PUBLICATION The Fredericton Daily Gleaner
DATE Monday February 19, 2001
BYLINE CHARLES MOORE

Two sets of laws won't work for one people

Some of Canada's jurists seem to be hell-bent on stoking the fires of racial resentment. In the September 1999 Supreme Court of Canada decision in R. v. Marshall, the five justices of the majority endeavoured to write resource exploitation rights into an obscure, 240-year-old treaty that simply weren't there -- as the now chief justice pointedly noted by in her dissent, observing that the majority decision created "an unintended right of broad and undefined scope."

Even the writer for the Marshall majority, Justice Ian Binnie, conceded in his ruling that: "The right to fish is not mentioned in the March 10, 1760, document nor is it expressly noted elsewhere in the records of negotiations put in evidence."

The court subsequently backed away from some of the ruling's more egregiously extravagant provisions in a hasty "clarification."

Another Supreme Court justice, Michel Bastarache, who did not sit on the Marshall panel, has publicly criticized the Marshall decision and raised hackles among some native politicians by suggesting that historical aboriginal rights are "ill-defined." Justice Bastarache observed that many Atlantic Canadians think that the high court invented rights that are not in the ancient treaties and that the public may see the court as unfairly favouring natives.

You might think that the high court's backtracking and self- criticism on Marshall, not to mention the hornet's nest of conflict it stirred up in the East Coast lobster fishery, would have made lower court justices cautious about writing creatively generous interpretations into their rulings on aboriginal rights cases, but evidently not.

On Feb. 5, Nova Scotia Associate Chief Justice Michael MacDonald ** overturned the conviction of a Mi'kmaq who had been found guilty of deer-jacking -- hunting at night using a light -- on the basis of supposed treaty rights.

You have to wonder what Justice MacDonald and the majority in Marshall were thinking. Do they imagine that they can create a race- based distinctions and two-tier laws in areas of common stakeholding without all hell breaking loose, especially on the specious basis of alleged "treaty rights" that were never mentioned in the original treaties?

I have news for them, and for the gutless politicians who have chosen to lead by following this judicial activism: it isn't going to fly. They should review the outrage being expressed in letters to the Editor columns of Nova Scotia newspapers over Justice MacDonald's deer-jacking ruling.

Ordinary Canadians have had just about a bellyfull of this tomfoolery. Nova Scotia MLA Brooke Taylor, who is currently co- ordinating a petition demanding that Justice MacDonald's ruling be appealed, says that in nine years of public life he has never seen his constituents more upset and outraged than they are over this matter.

The central problem here, besides the ideology of liberal guilt, is the notion of special status for a certain category of Canadians based on race.

This writer, along with I'm confident a substantial majority of the Canadian public, believes that there should be only one class of citizen and the same laws and privileges should apply to all citizens equally.

Special status based on race is unacceptable.
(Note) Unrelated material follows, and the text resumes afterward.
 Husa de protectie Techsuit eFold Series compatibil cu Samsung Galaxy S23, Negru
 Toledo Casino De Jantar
What is it that made Apartheid repugnant and evil in South Africa, but a principle championed and advocated by the courts and the government here in Canada?

There are many problems with the notion that treaties European colonizers negotiated with (or imposed on) aboriginals hundreds of years ago should be considered the equivalent to agreements between sovereign nation states, even in the context of what's actually articulated in them. University of Calgary political scientist Tom Flanagan has observed that this "doctrine of equivalence" is a theory originated by anthropologists and advanced by political activists.
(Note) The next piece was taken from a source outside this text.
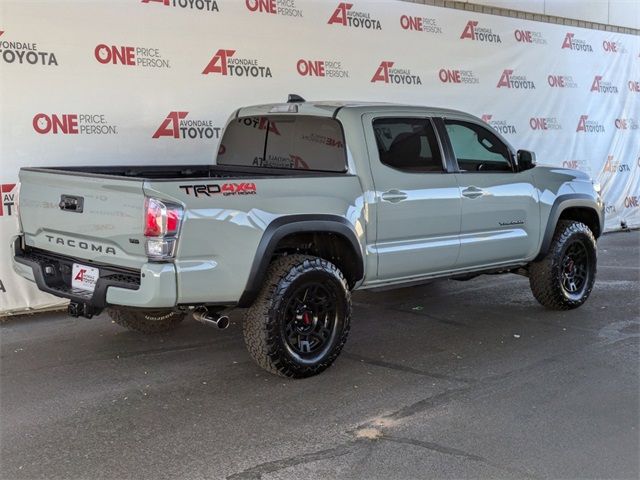 2023 Toyota Tacoma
The fact is, North American aboriginals were outgunned and eventually outnumbered by the European invaders. They did not win the Indian wars.

This sort of defeat has happened to many peoples over the centuries and their sovereignty, such as it was, ceased to exist.

In short, the old treaties should be declared null and void, and torn up, to be replaced by whatever transition process will be necessary to integrate aboriginals into mainstream society as full equals. Yes, that's assimilation. It's not a dirty word. It is a very un-racist concept. It is also, ultimately, the only politically viable solution if there is to be social peace.

Are aboriginals Canadians or not? That is the operative question here. If they are, then this treaty rights fiasco must stop. And if aboriginals don't want to be Canadians on an equal footing with their fellow citizens, the only viable alternative to assimilation is real independence, which would involve decades of negotiation over territorial partition and jurisdiction, and in the end, a shutoff of the transfer of funds from non-aboriginal Canadian taxpayers.

Those are the options. What is it going to be?